As part of the Wisconsin Book Festival, I spent Thursday night out for dinner and drinks with a few other queer writers. We were needing to eat, yes, but also celebrating our successful event (Losing Gender at Room of One's Own) and getting to know one another a bit better. Quite a few of us are out, not just in terms of gender/sexuality, but also "out and about" - people on the town, well-known, etc. I was surprised to hear that one of the people at the table, easily the most public, is intensely introverted and has social anxiety about interactions in public.
We discussed intimate social interaction (like my small 6-8 person writing classes) versus clubs/parties/bars. We discussed social anxiety, shame and how to get enough alone time without becoming isolated. It was a bit of a revelation for me that would prove very important in the next few days.

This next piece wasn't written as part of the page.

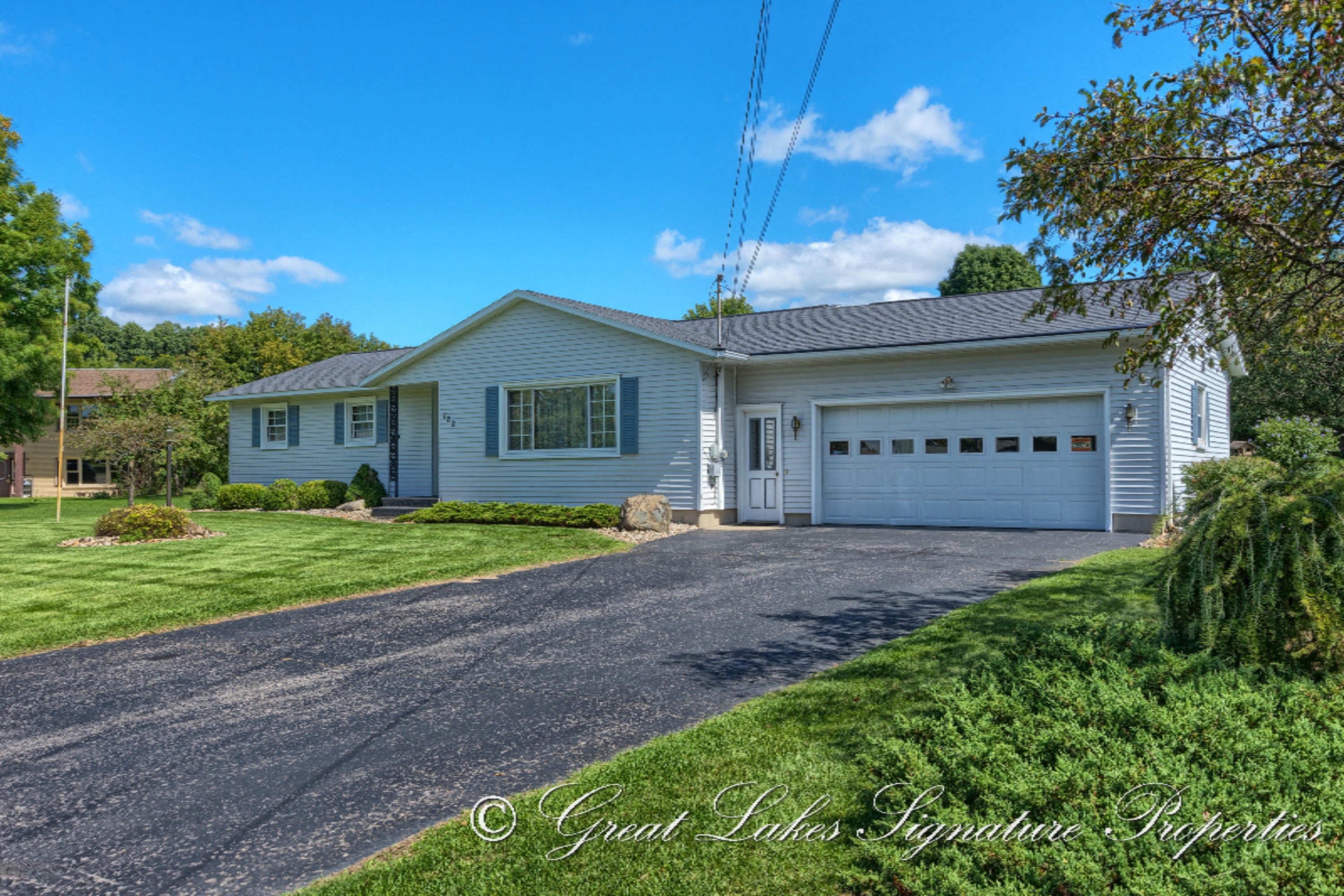 722 North State Road Belding, MI 48809 - Photo 39 of 42 39 Front of Home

Friday morning I woke at 7am, was at WORT by 8am to be on 8 o'clock buzz, a Madison what's-happening show. After that, I and the co-editor of Trans-Kin, Cameron, ran over to the Overture Center, where we presented to sessions of "Trans 101" to high school kids as a part of High School Friday. I teach college and junior high kids, not high school aged kids. I'd only ever spoken publicly about having a trans wife (in fact have written very little here about it) for the first time the night before, and now I was going to teach a hundred or so high school kids about it and face their questions.
Talk about anxiety.
All my students know about my own sexuality and my wife's gender - I write about it, and share my writing about it, all the time. But I share those things as a writer. Intimate. Quiet. Protected. Process-oriented. And now I was being introduced as an author: Public. Speaking Out (literally). Open to Criticism. The night before had gone well - lots of great questions and good bonding with the other queer authors. But scary as hell, and my nerves were still shot.
The sessions with the kids went great, wonderful, in fact. They asked good questions and were respectful. They were clearly grateful - would have liked twice the time together. But by the time I was done with the second session, clearly any of my concepts about attending more of the book fest that day were shot. I needed to go. Home. I needed quiet, lots of it, and space. To not speak. To not listen.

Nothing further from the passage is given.